[Web page caption snippets]
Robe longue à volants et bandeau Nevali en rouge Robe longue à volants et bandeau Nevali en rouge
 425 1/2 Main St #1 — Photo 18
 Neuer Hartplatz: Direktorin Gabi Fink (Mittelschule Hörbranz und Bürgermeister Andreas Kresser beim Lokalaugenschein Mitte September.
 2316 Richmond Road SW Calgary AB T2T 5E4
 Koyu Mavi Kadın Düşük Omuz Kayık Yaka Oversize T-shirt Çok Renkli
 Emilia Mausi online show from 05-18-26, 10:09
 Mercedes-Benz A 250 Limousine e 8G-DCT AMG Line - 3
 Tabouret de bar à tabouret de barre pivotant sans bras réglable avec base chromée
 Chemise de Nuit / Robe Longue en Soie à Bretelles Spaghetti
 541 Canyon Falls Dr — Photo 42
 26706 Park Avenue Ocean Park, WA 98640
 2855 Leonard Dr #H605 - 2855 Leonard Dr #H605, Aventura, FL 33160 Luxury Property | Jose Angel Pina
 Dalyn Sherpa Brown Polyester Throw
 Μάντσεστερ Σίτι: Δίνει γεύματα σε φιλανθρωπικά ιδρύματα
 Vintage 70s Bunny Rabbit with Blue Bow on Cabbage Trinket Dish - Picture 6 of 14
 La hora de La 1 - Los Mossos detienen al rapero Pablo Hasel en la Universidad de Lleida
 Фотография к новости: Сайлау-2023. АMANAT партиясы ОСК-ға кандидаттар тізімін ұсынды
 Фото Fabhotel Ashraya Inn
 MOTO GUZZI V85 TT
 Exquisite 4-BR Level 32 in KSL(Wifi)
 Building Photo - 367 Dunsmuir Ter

What to do
Lines from the top of the data above through the line with "2316 Richmond Road SW Calgary AB T2T 5E4", both ends included: copy them exactly, nothing more.

Solved exercise
Robe longue à volants et bandeau Nevali en rouge Robe longue à volants et bandeau Nevali en rouge
 425 1/2 Main St #1 — Photo 18
 Neuer Hartplatz: Direktorin Gabi Fink (Mittelschule Hörbranz und Bürgermeister Andreas Kresser beim Lokalaugenschein Mitte September.
 2316 Richmond Road SW Calgary AB T2T 5E4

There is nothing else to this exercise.